The customer relationship is a two-way street and you, as the supplier, responsible for managing both sides. This does not mean that the customer has no responsibilities, but you have to watch out for the customer for both of you — it is your business and your customer after all. While many would agree with the concept, applying it is a bit illusive given the pressures facing suppliers in real life.

To the answer of the question above, yes, the customer is always right. Not only that, but the suppliers are responsible for every problem with their customers. Finding myself on the supplier side more often than on the client side, this is one of the toughest facts to deal with. Even in extreme cases that involve a dishonest or unethical client, it is the supplier’s problem and responsibility.

Every supplier is responsible for selecting the client, then managing relations. A problem often stems from setting the wrong expectations, by overselling yourself, or by yielding to stakeholders’ pressures. Even if there is no apparent mistake made on the part of the supplier, and things went sour with the client, the supplier is guilty of picking the wrong client, and for accepting to do the work in the first place.

Some people misunderstand the concept of “the customer is always right” to mean that a supplier must do everything the client asks for, whether right or wrong. This is one of the ways to fail a relationship. Sometimes clients do not know what to ask for, or ask for the wrong thing. The client is always right in his feelings, statements and behaviors. Listen to them, understand what they really mean, manage their expectations, and build their awareness. Work with them to build mutual trust and understanding. This will help them get the best out of the relationship, and is the essence of “the customer is always right.”

Selecting the client goes against the traditional view of the client-supplier relationship. Well-known business strategist Tom Peters believes that suppliers must also pick their clients, and some are not ready for a certain service. Others might not act professionally. In either case, a seller might select not to deal with a client altogether.

Firing a client is a new concept for most sellers. Some must be fired for inability to play the client role properly. Peters suggests reviewing your client list on regular basis and prioritizing them based on their importance, readiness for services, and ability to abide by professional and ethical standards. He suggests firing those at the bottom of the list. Many world-renowned companies annually fire poor performers from their clients lists, cordially of course. This puts a different spin on the way we perceive client-supplier relations.

Many western companies learned about the true client-seller relationship the hard way. Some of the automotive companies changed how they deal with suppliers based on this bad experience, and started treating suppliers as partners after they were seen as adversaries. They developed lists of “preferred” suppliers based on their competence in product development, project management, and quality. They work with suppliers long term to build a relationship that is beneficial to both sides.

Another aspect of the customer is always right is managing the customer, which includes managing expectations, behavior, attitude, and awareness. It starts from presale and continues beyond delivery.

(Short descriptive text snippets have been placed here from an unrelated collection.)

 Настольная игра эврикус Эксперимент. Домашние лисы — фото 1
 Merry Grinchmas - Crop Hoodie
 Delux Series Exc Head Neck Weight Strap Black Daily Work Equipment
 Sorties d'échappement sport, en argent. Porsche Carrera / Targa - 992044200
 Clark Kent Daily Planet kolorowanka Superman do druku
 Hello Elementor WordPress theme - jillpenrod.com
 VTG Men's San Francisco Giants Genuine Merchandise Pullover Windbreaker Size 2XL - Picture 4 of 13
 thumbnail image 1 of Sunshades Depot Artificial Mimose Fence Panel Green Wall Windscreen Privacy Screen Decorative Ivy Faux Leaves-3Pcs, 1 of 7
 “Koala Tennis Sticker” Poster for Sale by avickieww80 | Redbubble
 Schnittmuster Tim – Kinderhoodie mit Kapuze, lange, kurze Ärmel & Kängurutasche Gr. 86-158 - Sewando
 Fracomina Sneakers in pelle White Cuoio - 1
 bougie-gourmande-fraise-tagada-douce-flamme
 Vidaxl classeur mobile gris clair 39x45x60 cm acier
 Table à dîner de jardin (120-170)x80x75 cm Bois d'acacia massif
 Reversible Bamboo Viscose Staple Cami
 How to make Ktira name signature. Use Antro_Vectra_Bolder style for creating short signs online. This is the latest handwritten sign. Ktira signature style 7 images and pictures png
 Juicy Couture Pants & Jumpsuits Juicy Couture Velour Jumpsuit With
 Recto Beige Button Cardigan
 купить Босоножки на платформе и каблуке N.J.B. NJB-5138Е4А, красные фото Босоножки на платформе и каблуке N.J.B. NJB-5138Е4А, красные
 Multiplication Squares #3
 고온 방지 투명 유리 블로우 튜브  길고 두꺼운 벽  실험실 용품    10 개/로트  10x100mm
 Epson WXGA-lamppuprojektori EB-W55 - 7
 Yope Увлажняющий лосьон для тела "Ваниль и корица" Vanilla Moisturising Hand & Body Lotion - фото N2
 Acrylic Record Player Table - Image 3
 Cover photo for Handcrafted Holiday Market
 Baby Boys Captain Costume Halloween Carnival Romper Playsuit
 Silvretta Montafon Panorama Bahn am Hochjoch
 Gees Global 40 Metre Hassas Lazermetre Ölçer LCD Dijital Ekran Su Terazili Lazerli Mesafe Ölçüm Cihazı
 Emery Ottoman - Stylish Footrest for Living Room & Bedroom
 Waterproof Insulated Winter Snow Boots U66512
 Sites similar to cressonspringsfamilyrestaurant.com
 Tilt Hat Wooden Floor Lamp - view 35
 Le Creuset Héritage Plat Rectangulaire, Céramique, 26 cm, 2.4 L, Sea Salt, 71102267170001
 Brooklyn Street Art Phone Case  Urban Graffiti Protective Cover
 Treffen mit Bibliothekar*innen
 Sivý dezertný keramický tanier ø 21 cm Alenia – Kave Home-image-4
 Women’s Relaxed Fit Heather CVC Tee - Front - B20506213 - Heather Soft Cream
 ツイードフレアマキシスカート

Managing the client means eliciting the customer requirements. Asking the clients what they want is not enough because the customer sometimes does not know what he is asking for. It is the job of the supplier to educate the customer to ask for the things that really fit his needs. To make sure that the requirements actually reflect what the customer wants, demos, examples, illustrations, and clear descriptions of the final deliverable must first be reviewed during the planning stage and then throughout the project.

The supplier must treat the customer as a partner, not as a judge. If the customer perceives itself as judge then the supplier will not be able to fully serve the customer, and the goal of the exercise becomes just to deliver according to contract rather than to serve the client. Each side will try to get more for less, and neither will get full value because they are working against each other. A partnership can happen only if there is trust between the dealing parties. The best relationship is one in which both parties win.